En d’autres termes, une fois encore, le sempiternel prétexte promu par Obama: nous essayons simplement de remplacer un chef d’État élu corrompu.

La Maison Blanche explique son décret le 9 mars en disant: «Le président Obama a publié aujourd’hui un nouveau décret exécutif (EO) déclarant une urgence nationale suite à la menace inhabituelle et extraordinaire pour la sécurité nationale et la politique étrangère des États-Unis posée par la situation au Venezuela. (…) Plus précisément, le décret cible les menaces décelées par le Département du Trésor, en consultation avec le Département d’État, impliquant le Venezuela dans des actions (…) ou des politiques qui sapent les processus ou les institutions démocratiques.»

Le décret lui-même déclare que le gouvernement du Venezuela est corrompu et limite les droits humains, ce qui «constitue une menace inhabituelle et extraordinaire pour la sécurité nationale et la politique étrangère des États-Unis, et je déclare par la présente une urgence nationale pour faire face à cette menace.»

Le 14 février 2015, le président Maduro avait déjoué un coup d’attentat fomenté par les gouvernements du Canada et du Royaume-Uni.
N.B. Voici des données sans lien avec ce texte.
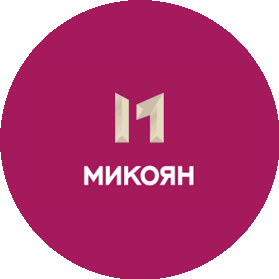 Микояновский мясокомбинат
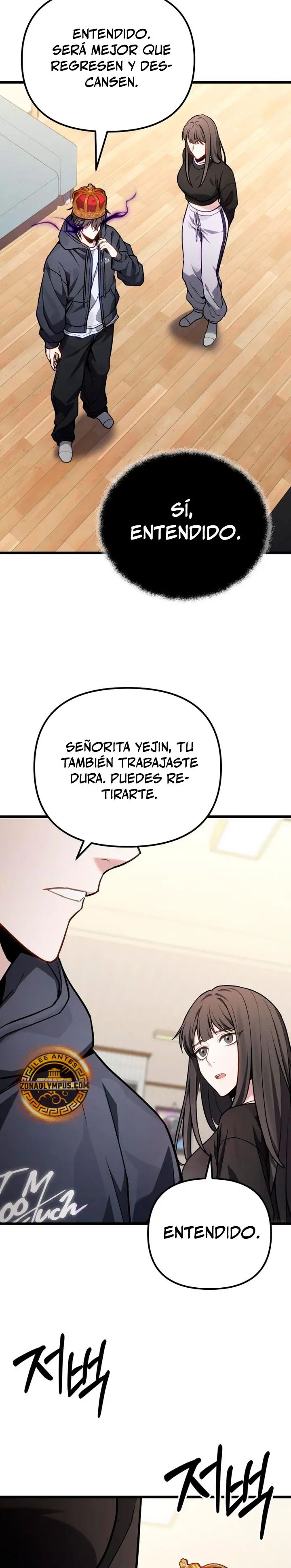El soberano del hogar Capítulo 71 - Page 20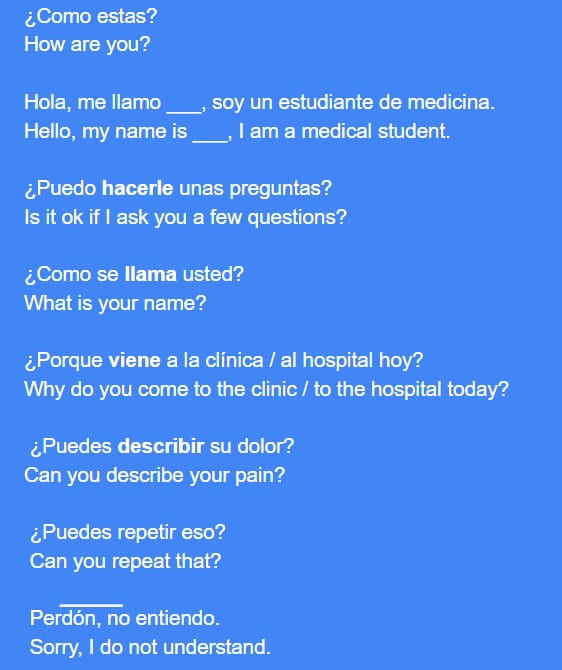 Screenshot of phrases in Spanish and English suggested for patient interactions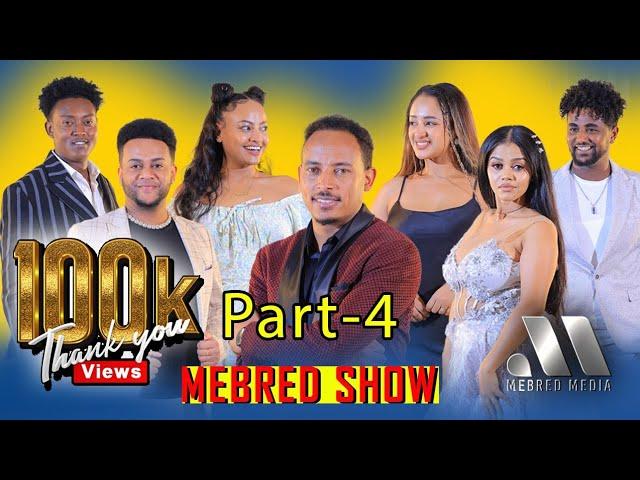 Mebred Media : Part 4: ፍሉይን ኣዘናጋዕን መደብ ኣብ  መብረድ ሜድያ ምስ ዮናስ ፍሰሃየ ጢኑ ፡ Eritrean Show 2024.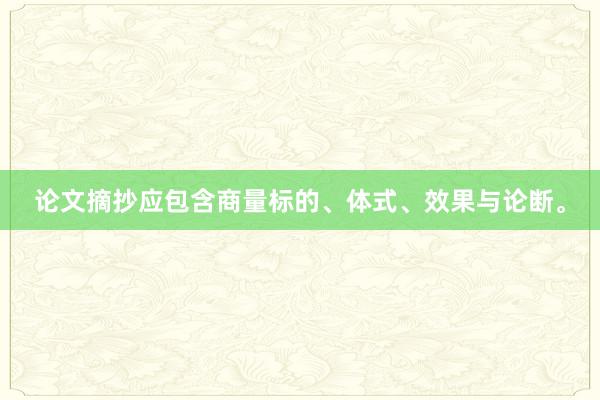 论文摘抄应包含商量标的、体式、效果与论断。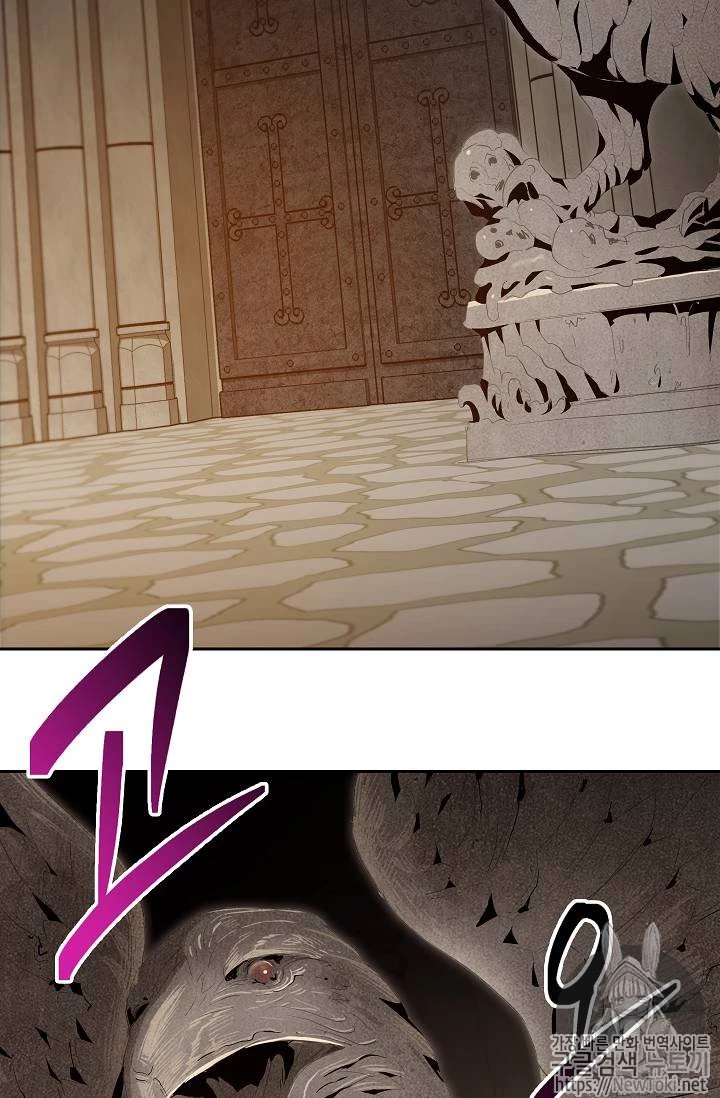 Soldado Esqueleto > Capitulo 71 > Page 261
Ces événements ont eu lieu presque exactement un an après qu’il avait déjà déjoué une tentative similtaire du gouvernement américain. En décembre 2013, le gouvernement de Maduro avait présenté des preuves détaillées que les Etats-Unis planifiaient un coup contre lui.

Le 15 janvier 2015, Maduro a rencontré le président russe Vladimir Poutine au Kremlin. L’administration Obama essaie évidemment de faire également tomber le président Poutine.

Le président Obama s’efforce également d’abattre le président Bachar al-Assad en Syrie. En 2011, il avait bombardé le régime du président Mouammar Kadhafi en Libye pour se débarrasser de lui. Tant Assad que Kadhafi sont aussi ou ont été des alliés de la Russie, comme l’Iran. L’administration Obama aide l’État Islamique dans sa guerre contre Assad, alors que dans le même temps, il le bombarde*.

Eric Zuesse 

L’auteur est historien d’investigation. Il a écrit récemment, They’re Not Even Close: The Democratic vs. Republican Economic Records, 1910-2010, et CHRIST’S VENTRILOQUISTS: The Event that Created Christianity.

Note du Saker Francophone
*Cet état de fait apparemment illogique est la conséquence de l’hyper-désordre qui règne à Washington en matière de politique étrangère du fait des luttes de pouvoir intestines entre le Pentagone et les agences de renseignement, d’une part, et d’autre part le département d’État. Obama n’étant pas désireux, ou tout à fait impuissant voire incapable, de remédier à cette situation. Cet hyper-désordre se reflétant d’ailleurs dans l’ensemble des conflits provoqués par l’hybris de l’Empire du néant.